— Required action —
Given the material below, return only the lines starting at the line with "Histomer Antiage gocce giorno spf 50" and ending at the line with "2006 TOYOTA 4RUNNER SR5 photo 4", exactly as they appear.

====== Source data

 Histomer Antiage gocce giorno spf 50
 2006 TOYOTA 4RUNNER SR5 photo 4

============
====== Source data

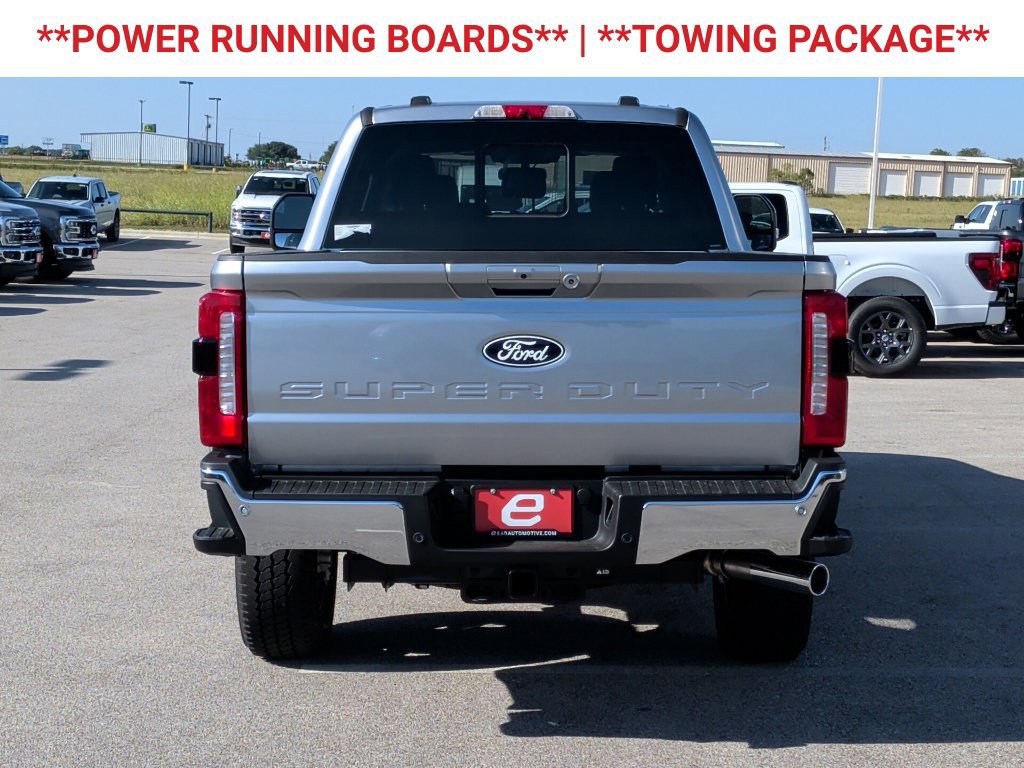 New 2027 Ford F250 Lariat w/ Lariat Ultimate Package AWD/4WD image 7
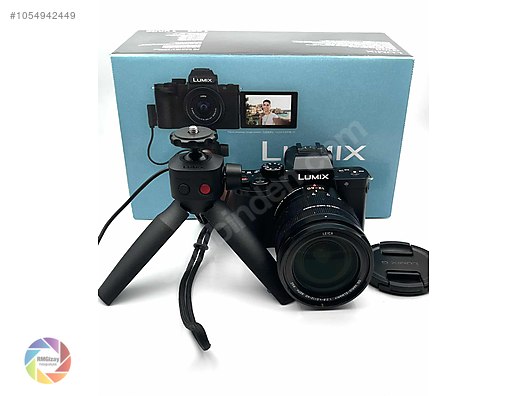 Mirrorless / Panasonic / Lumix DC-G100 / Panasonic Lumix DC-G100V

============
====== Source data

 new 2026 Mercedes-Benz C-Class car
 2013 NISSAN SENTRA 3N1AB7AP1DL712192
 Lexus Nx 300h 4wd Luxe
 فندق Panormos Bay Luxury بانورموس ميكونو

============

— Response to this exercise —
 Histomer Antiage gocce giorno spf 50
 2006 TOYOTA 4RUNNER SR5 photo 4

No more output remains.